1. It's free. (Cost is not a barrier to trial.)
2. The use of it by one person naturally informs others of its availability. (eg Get your free web mail at hotmail.com)
3. A small amount of time investment required from the user to go from testing the service/product to deriving value (ie drag the bookmarklet to your browser).
4. Any others?

I tend to think that beyond the application development and positioning, that marketing techniques and advertising campaigns are still necessary to reach the rest of the population for the majority of services. For example, if your bookmarklet was a business and you wanted to get it out to the rest of the millions of blogger.com users, how would you reach them? And how would you reach them before somebody else copied your idea and got it to them first?

All this said, if the product isn't "any good" or isn't revolutionary, than it might not be worth spending all the effort to market and advertise it.

So, a few emails to a few connectors, is a great way to start out.

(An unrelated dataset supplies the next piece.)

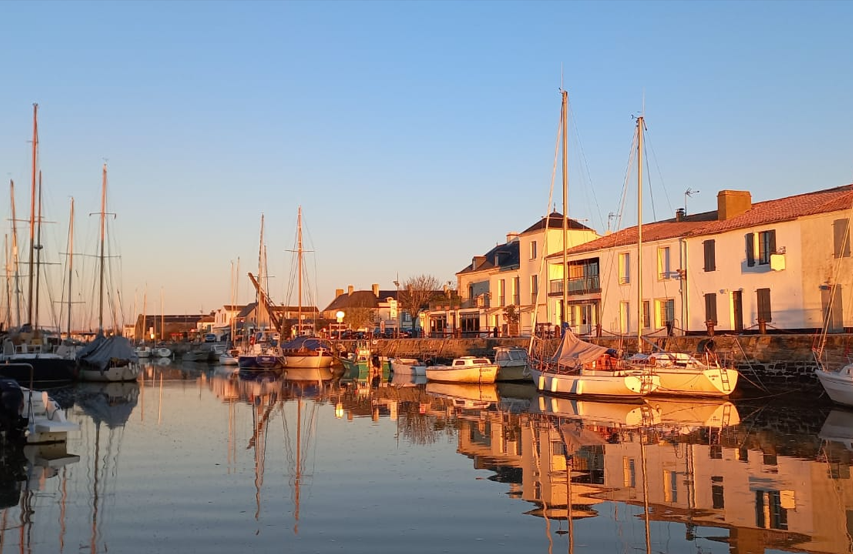 Capture d’écran 2026-02-12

Of course, all this is fairly hypothetical. But, I think it is a great conversation to be having. Although, I've been working on WhizSpark for 3 years, we really have just launched our product 3 months ago. I am also doing some consulting work for some people to help them with ideas for marketing their services. And we are weighing a launching a new application, which I think satisifies all 3 of the requirements above.

Ken Dyck

Peter, you're absolutely right, of course. My low-key approach probably won't work very well for a lot of web applications, but I can see it working for some, especially those that have the characteristics that you mention.

Dev Purkayastha

I think you can get the most mileage out of finding a niche or core user base to start it up and keep it going, just like the "Democracy for America" Meetups were the core constituency fo Meetup.com for a while, and more groups grew out of it's popularity.

pete caputa

Very good point, Dev. Reaching critical mass in a single niche makes it easy to expand to other niches.